Their first real beef was with people who think of calling an ambulance as an alternative to seeing their GP. Despite the existence of the not-quite-emergency 111 line, hundreds of us still call 999 for flu, for minor cuts and headaches. We dial up a paramedic as you might call for a manservant — and it destroys their faith in the public, they said. So they leave, and more fool us.
Then, of course, there’s the drunks. We’re a nation of binge-drinkers, lying around in sodden heaps all nights of the week save Sundays. The ambulance men told me about the LAS’s secret weapon, a special ‘booze bus’ — which cruises about the West End scooping up the pie-eyed. But it wasn’t the use of a booze bus that worried them so much as its misuse.
The LAS, like all ambulance services nationwide, has targets to hit. If a 999 call is designated a Category A, the first responder should be there in eight minutes. The ambulance should turn up in under 19 minutes. On arrival at a hospital, there’s an internal turnaround target time of 30 minutes.
Because it scoops up so many people at a time, and because it cruises around a relatively small and central area, the ‘booze bus’ van has exemplary figures. It’s a target-hitting factory, and so, said the paramedics, the LAS management sometimes swap the figures around. They reallocate and shift results, using the ‘booze bus’ figures to raise the averages of badly performing ambulances elsewhere.
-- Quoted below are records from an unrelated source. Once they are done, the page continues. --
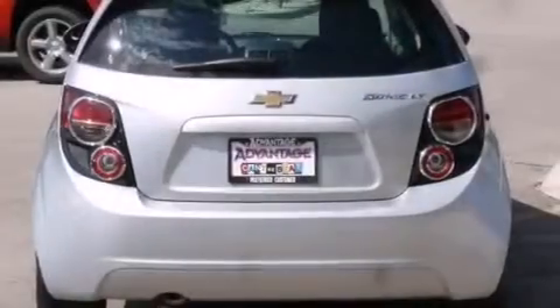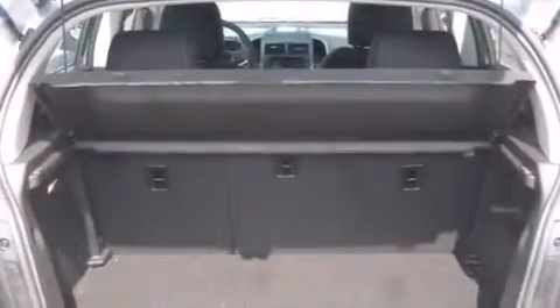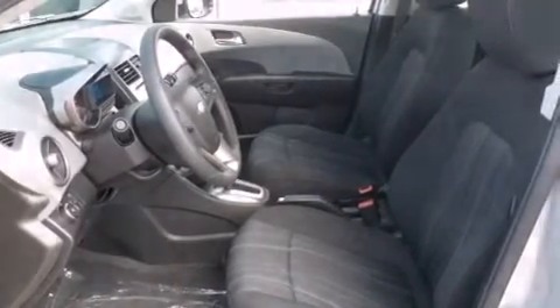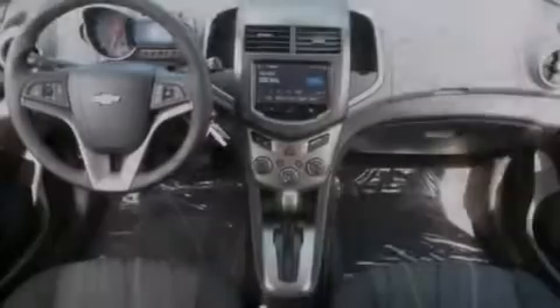The following features are also included: a low-tire pressure indicator, air conditioning, cruise control, a passenger side mirror-mounted blind spot camera, latch-ready child seat anchors, steering wheel mounted controls, an engine immobilizer theft deterrent system, an anti-lock braking system, a keyless entry system, and an auxiliary power outlet.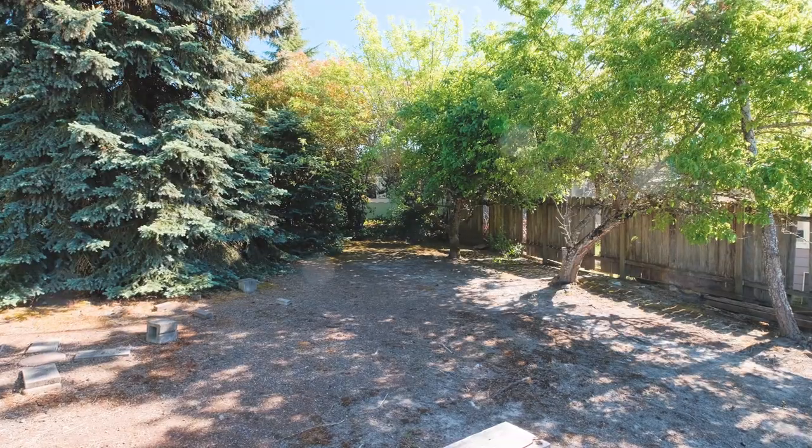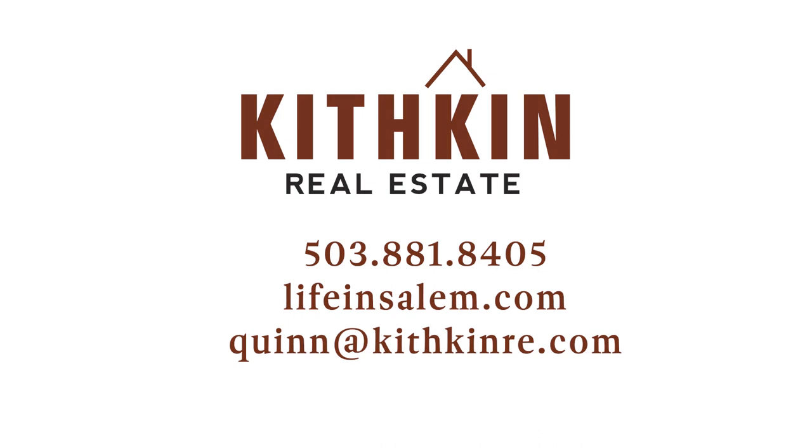If you have any questions about this home or would like to schedule your own private tour, you can call, text, or email me at the contact information on your screen.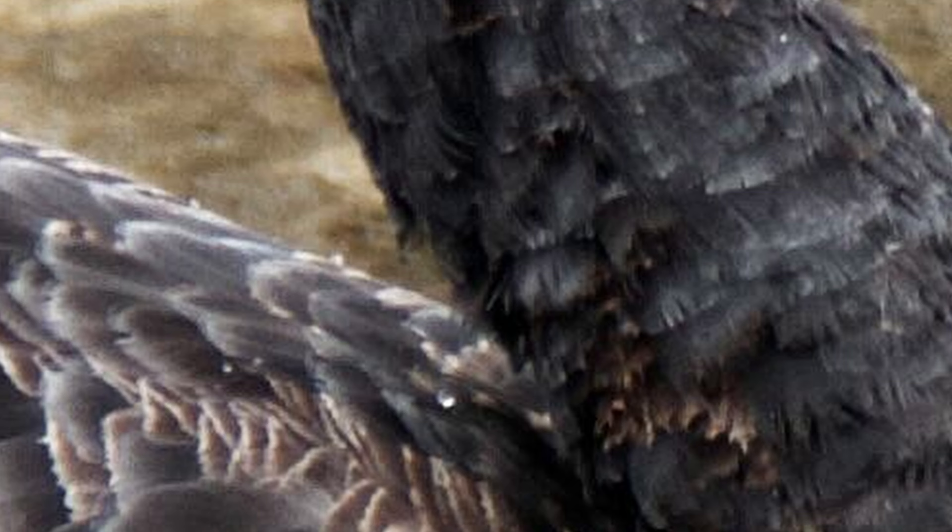Photo 3. Here we've got the Dalai Lama. Photo number 4. This one, it's a black swan. I actually took this photo just down the road from where I live.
Exactly how and in what way they do this, I have no idea. At the time I didn’t ask for more explanation or press the issue, because we were helping Tom out and then saying goodbye. And I can quite see why it might seem justified: missed targets means fines and fines mean less money to pay paramedics more. From the perspective of management, tweaking the results might be to everyone’s benefit.
But in my brief and very limited experience of the LAS, the frontline is made up of men and women who feel a calling and take pride in saving lives. Fudging figures, perhaps putting patients at risk as a result, will destroy their faith in the profession, and that’s what will really drive them away.